Throughout the nation, but particularly in Western Australia, the mining sector is looking for cheaper and greener ways to power its processes. Toward that end, BHP Nickel West has extended its power purchase agreement (PPA) with Southern Cross Energy (SCE) until 2038, a deal which will integrate more renewable energy into Nickel West’s Goldfields operations, including an 18.5 MW solar farm and battery storage system.
The 15-year contract extension between the mining giant and SCE, a subsidiary of Canadian company TransAlta Renewables Inc, replaces the previous contract which was set to expire at the end of 2023. The deal gives SCE the exclusive right to supply electricity to BHP’s Goldfields projects, which given the company’s renewable pedigree, will mean a more sustainable mining process for nickel, a key ingredient in battery storage.

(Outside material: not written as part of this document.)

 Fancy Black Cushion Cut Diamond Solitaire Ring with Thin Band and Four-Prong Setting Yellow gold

In fact, since Tesla CEO Elon Musk announced at the company’s 2020 Battery Day that it was switching to high-nickel cathodes there has been much talk about a BHP becoming a key nickel supplier for the electric vehicle and battery storage manufacture. Early in October the Australian Financial Review reported that Tesla was in talks with
BHP over a nickel deal. Musk said in a post-earnings call back in July that he would give a “giant” contract to any miner that could produce nickel in an “environmentally sensitive way.” Enter solar PV.

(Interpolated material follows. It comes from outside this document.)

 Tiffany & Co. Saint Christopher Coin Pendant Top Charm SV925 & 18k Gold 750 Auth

Of course, the integration of renewable energy generation, including wind, solar, a waste heat steam turbine system, and battery storage, will also aid BHP’s own commitment to a 30% reduction in emissions from 2020 levels by 2030 and net zero emissions by 2050. The proposed green energy projects in this renewed contract could see Nickel West’s Scope 2 electricity greenhouse gas emissions reduced by 15% by 2023 on 2020 levels.

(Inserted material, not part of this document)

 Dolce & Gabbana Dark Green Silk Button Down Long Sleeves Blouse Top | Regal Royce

A great support for this reduction will be the construction of an 18.5 MW solar farm and battery energy storage system at Nickel West’s Leinster and Mount Keith operations. “These projects contribute to the first phase of our emissions reduction strategy, as we continue to evaluate plans for additional renewable energy supply to decarbonise our nickel operations,” said Nickel West Asset President Eduard Haegel.
“We are at the beginning of an energy revolution that will transform our world and materially increase demand for nickel,” continued Haegel. “BHP Nickel West is well placed to provide our nickel units sustainably, and with one of the lowest carbon footprints.”
Mining the sun
The mining sector is verging on a new boom, that of renewable (and particularly solar) integration. Mines tend to be remote and, certainly in Australia, sun-drenched. This combo means that solar is a very attractive option to mining operations that have so far relied on diesel.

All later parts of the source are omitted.